Tim and Jo Welsh stress that the annual diaper drive has three goals: to raise awareness of the need for diaper; to collect as many diapers as they can; and to raise funds. In addition to the 762,000 collected in May, Bottom Up also raised $250,000 for more diapers.

“The drive has increased awareness, but awareness of Bottoms Up is secondary to diaper need,” Tim said.

It even has boosted national awareness: The World’s Largest Diaper Drive expanded last year beyond Bottoms Up – and this year it was joined by diaper banks and other groups in 10 states across the country, from New York and Florida to California and Washington. Plans already are emerging for the 2024 drive.
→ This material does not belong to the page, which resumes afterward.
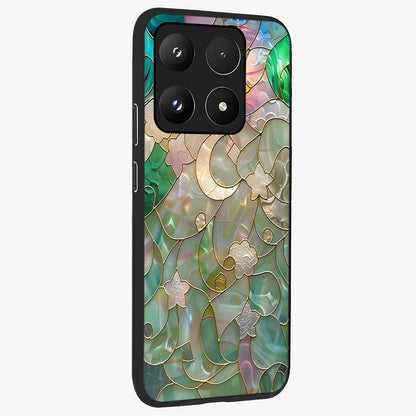 Stained Sunrise Glow Glass Case upright view showcasing colorful sunrise artwork with warm morning theme.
Bottoms Up operates under a credo often cited by charitable organizations. “We have mentality here,” Tim said, “that if you chase the heart, the money will come; if you chase money, the dollars will flee.” The heart of the fundraising and diaper-collection efforts, he said, is churches.

“The sweet spot for drives is churches and schools,” he said, because such institutions are at the front line of providing services to harried families that may have trouble buying enough diapers. “We’re breeding a whole generation of awareness of diaper need.”

Since 2018, Bottoms Up has delivered more than 3 million diapers to over 70 food pantries and childcare facilities in almost one-quarter, of the state – ensuring that families have access to diapers they need to keep their children clean, dry, and healthy.

On the Bottoms Up website, Jo Welsh is the face of the organization. The website, at https://www.bottomsup.life/, has plenty of information with clickable buttons for those who want to donate diapers, donate money, or hold a diaper drive. The site is designed and donated by Web Chick, who often donates her services to public-service organizations.